Posted by: Francis | January 28, 2008 09:49 AM
Gee honey, you always get so nervous before these events. Just imagine the indiscriminately slaughtered in their underwear...
Posted by: simsburybear | January 28, 2008 09:49 AM
"You know, honey, sometimes it seems like just yesterday you raped me, killed my family, and burned my village to the ground."
Posted by: Francis | January 28, 2008 09:50 AM
"More coffee?"
Posted by: Deborah | January 28, 2008 09:52 AM
Well, at least it's not a scimitar, so I guess you'll want some bacon with that.
Posted by: K | January 28, 2008 09:56 AM
"John, you fooled the whole world into believing you died in '82. Do you sometimes wonder if it was all worth it?"
Posted by: gary | January 28, 2008 10:00 AM
Honey, please, just put it down. I was only with him that one time, I swear. I swear. Please don't hurt me.
Posted by: Sam L | January 28, 2008 10:01 AM
"If you think that Viking hat's gonna protect you from the safe storm they're predicting for today, you're crazy."

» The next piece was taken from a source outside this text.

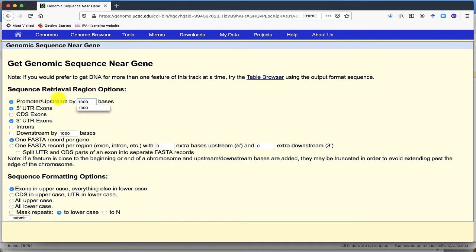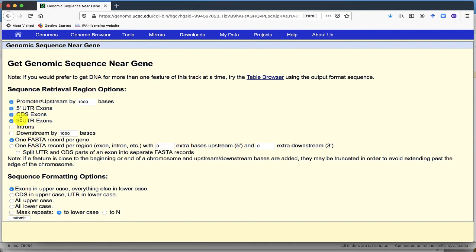So let's say, we want upstream sequences 1000, including the promoter, 5' UTRs, the exons, and UTRs, 3' UTRs.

Posted by: gary | January 28, 2008 10:02 AM
"I still don't understand: Your whole DIVISION lost the $3 billion, not just you. So why do you have to take all the responsibility?"
Posted by: gary | January 28, 2008 10:03 AM
"When you do that with your pinky sticking out, it makes it look kind of gay."
Posted by: JohnnyB | January 28, 2008 10:07 AM
"Frank, you are sleep-pillaging again."
Posted by: JohnnyB | January 28, 2008 10:08 AM
"This was fun, but if I don't get you back to the museum soon you'll turn into dust."
Posted by: Deborah | January 28, 2008 10:10 AM
"Put that away, Hagar. I'm having the procedure done by a doctor at the clinic, not by you at home."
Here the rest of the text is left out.